# Modelling Rogue Wave Data with Random Forest Regression

In [1]:
%load_ext autoreload
%autoreload 2

## Setup
### Imports

Importing all required packages and define seed and number of cores to use.

In [None]:
import os
import sys
import pickle
import shap

import numpy as np
import pandas as pd

from sklearn.ensemble import RandomForestRegressor
from sklearn.feature_selection import RFECV, SequentialFeatureSelector
from sklearn.model_selection import StratifiedKFold, train_test_split
from sklearn.metrics import mean_squared_error, r2_score
from scipy.stats import spearmanr

sys.path.append('./')
sys.path.append('../scripts/')
import utils

ModuleNotFoundError: No module named 'utils'

### Parameter Settings

In [None]:
seed = 42
n_jobs = 4
print(f"Using {n_jobs} cores from {os.cpu_count()} available cores.") # how many CPU cores are available on the current machine

We load the data that was preprocessed in `data_preprocessing.ipynb`.  

In [None]:
file_data = "../data/data_train_test.pickle"  # path to the preprocessed data
data_train, data_test, y_train, y_train_cat, X_train, y_test, y_test_cat, X_test = utils.load_data(file_data)

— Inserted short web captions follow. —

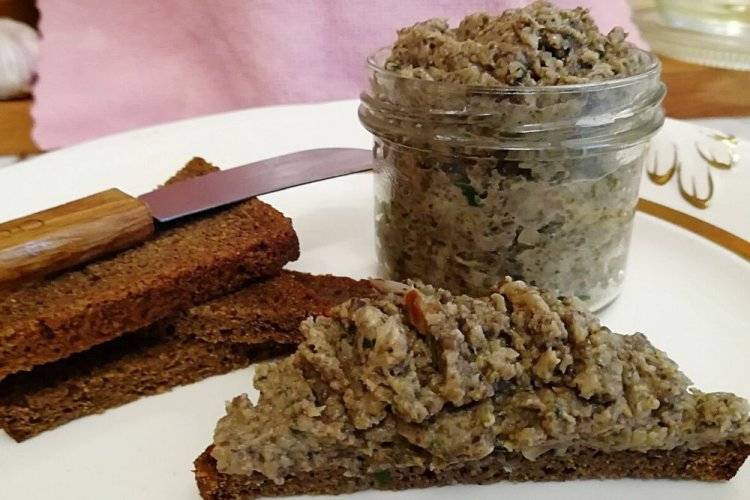 Caviar de setas de miel con ajo y salsa de soja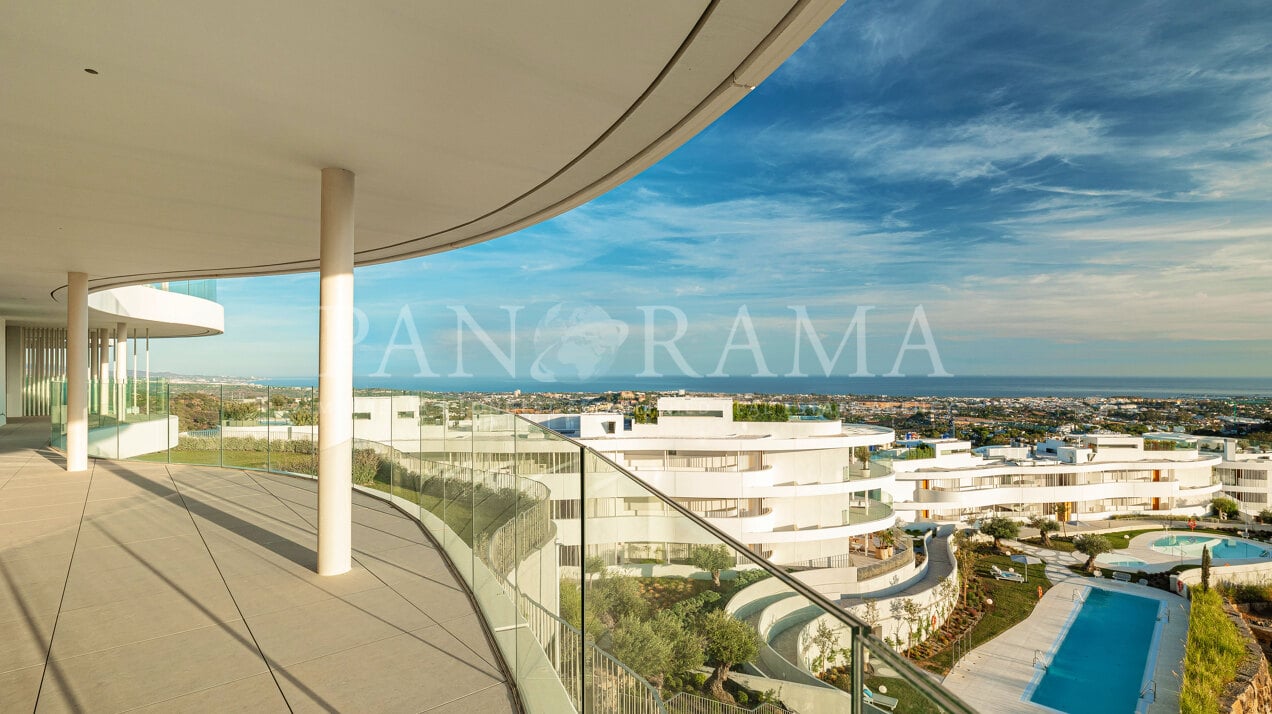 Brandneues Apartment mit spektakulärem Panoramablick auf das Meer in Benahavís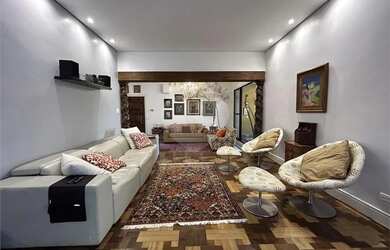 Imagem: A casa possui 5 Dormitórios, 5 Banheiros, 5 Vagas na garagem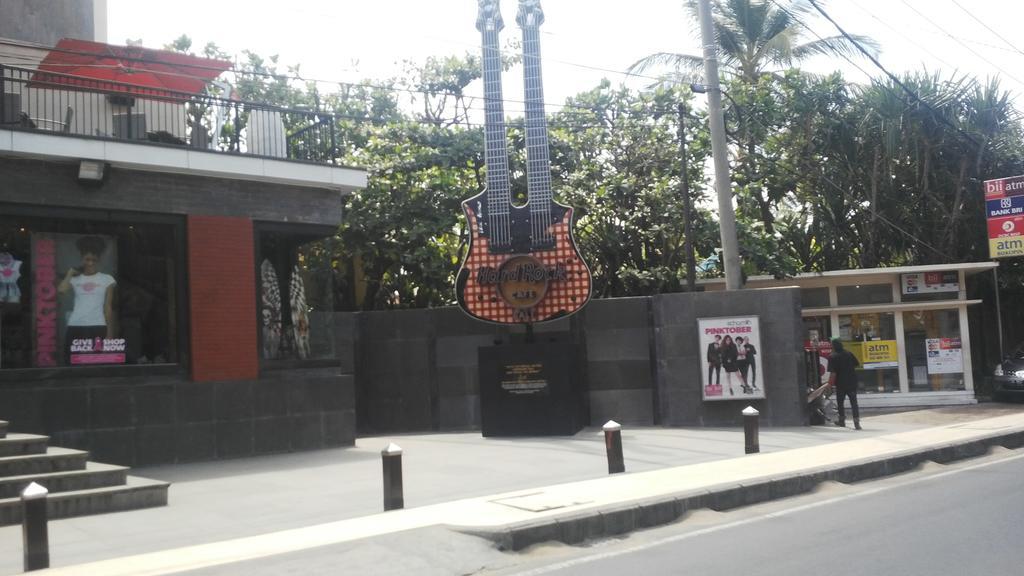 Amazing Kuta Hotel Exterior photo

## Building a Random Forest Regression Model

### Instantiating the Model and Setting Hyperparameters

- `n_estimators`: The number of trees in the forest.
- `max_depth`: The maximum depth of the tree. If None, then nodes are expanded until all leaves are pure or until all leaves contain less than min_samples_split samples.
- `max_samples`: If bootstrap is True, the number of samples to draw from X to train each base estimator.
- `criterion`: The function to measure the quality of a split. Supported criteria are “squared_error” for the mean squared error, which is equal to variance reduction as feature selection criterion and minimizes the L2 loss using the mean of each terminal node, “friedman_mse”, which uses mean squared error with Friedman’s improvement score for potential splits, “absolute_error” for the mean absolute error, which minimizes the L1 loss using the median of each terminal node, and “poisson” which uses reduction in Poisson deviance to find splits. Training using “absolute_error” is significantly slower than when using “squared_error”.
- `max_features`: The number of features to consider when looking for the best split.

In [None]:
num_cv = 5

hyperparameter_grid = {'n_estimators': [100], # not too high to reduce model size
            'max_depth': [20, 30],
            'max_samples': [0.3, 0.4, 0.5], # not too high to reduce model size and since we have many smaples we can afford to set it low
            'criterion': ['friedman_mse'], # using friedman_mse because the target variable is approx. normally distributed but we can expect non-linear relationships or strong feature interactions since the ElNet model has very low performance
            'max_features': ['sqrt'], # leave default since both sqrt and log2 lead to the same number of selected features, i.e. 4 since the total nu,mber of features is small (17)
            'min_samples_leaf': [1, 2, 3, 5]
}

In [None]:
regressor = RandomForestRegressor(random_state=seed)

### Train the Model

For hyperparameter tuning, we use a k-fold crossvalidation with a stratified splitter that ensures we have enough rogue wave data in the training and validation set.

In [None]:
# Run CV
model, cv_results = utils.run_CV(regressor, hyperparameter_grid, num_cv, X_train, y_train_cat, y_train)
cv_results.sort_values(by="score", ascending=False)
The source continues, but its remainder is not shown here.